Thursday, September 20, 2012

Margaman Manning's Rifle


I have written about Margaman Manning before on August 2, 2008.  He was the son of Thomas Manning and Jane Stewart Manning and the younger brother of my great great grandfather, Dr. Thomas Jefferson Manning.  Margaman was born in January 29, 1840 in Walker County Georgia and lived most of his life there.  He married Harriet Evelyn Thornton and they lived in Dalton in Whitfield County Georgia.  During the Civil War he fought with the 39th GA Volunteer Infantry.  He was a Fifth Sergeant and was promoted to Second Sergeant around February or March 1864.

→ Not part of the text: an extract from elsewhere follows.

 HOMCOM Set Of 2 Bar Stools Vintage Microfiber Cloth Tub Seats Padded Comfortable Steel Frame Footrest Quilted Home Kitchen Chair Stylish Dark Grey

The rifle pictured above is an 1854 Harpers Ferry rifled musket.  According to a December 29, 2010 article in The Daily Citizen , the Dalton GA newspaper, it turned up at the 8th Annual Chickamauga Southern Civil Show and Sale in Dalton in 2003.  It was bought and donated to the Whitfield-Murray Historical Society.  It is currently on display at the Hamilton House in Dalton.   If you look very closely at the lower picture, you can see the name Manning engraved on the metal.  The article states that the rifle was likely issued to him in Vicksburg, MS on February 28, 1863.

Margaman was wounded and captured during the war and was sent to Camp Douglas in Illinois where he died on March 21, 1865.  You can read the article at the following link:

http://daltondailycitizen.com/local/x413849029/Confederate-trio-wind-their-way-back-home


1 comment:

Shirley said...

Sharon, I had just watched the program "Death and the Civil War" on PBS a couple of nights ago. It was a horrific show, especially about the injured/killed in the early part of the war when no attempts were made to identify or notify family and it wasn't until later in the way that a process was developed to do so. And how sad to be injured but die of dysentery! That was an interesting article!